Begin at the line below that has "20061021_Photo_1016_DSC_8107_CMP_WM". Stop after the line that has "Returning Student Chapter 29 Page 12", repeating each line exactly and leaving out the pictures.

* **Task inputs**
####################
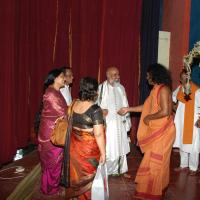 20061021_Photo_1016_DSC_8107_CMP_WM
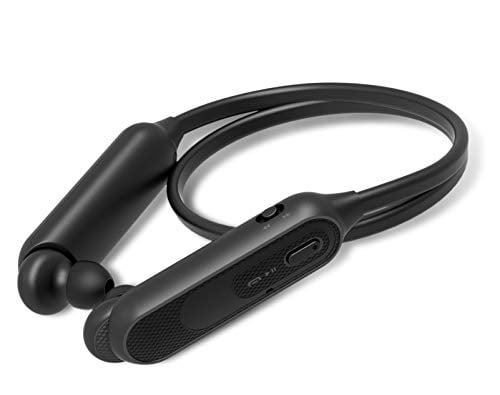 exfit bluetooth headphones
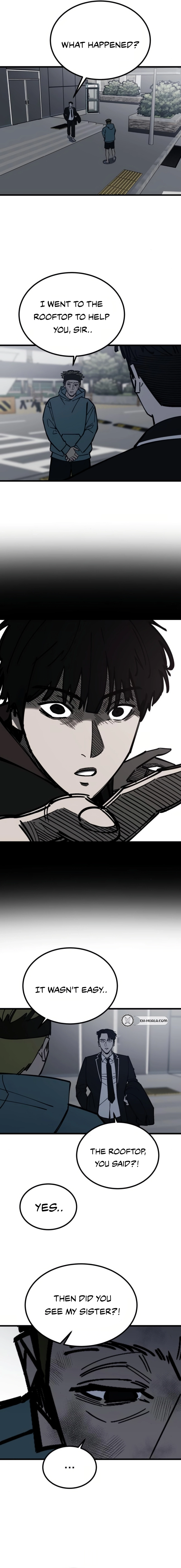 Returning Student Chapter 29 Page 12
####################
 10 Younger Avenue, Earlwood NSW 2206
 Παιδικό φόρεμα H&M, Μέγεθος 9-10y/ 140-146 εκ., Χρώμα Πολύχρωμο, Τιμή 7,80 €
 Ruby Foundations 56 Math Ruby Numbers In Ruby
####################
* **Exercise result**
 20061021_Photo_1016_DSC_8107_CMP_WM
 exfit bluetooth headphones
 Returning Student Chapter 29 Page 12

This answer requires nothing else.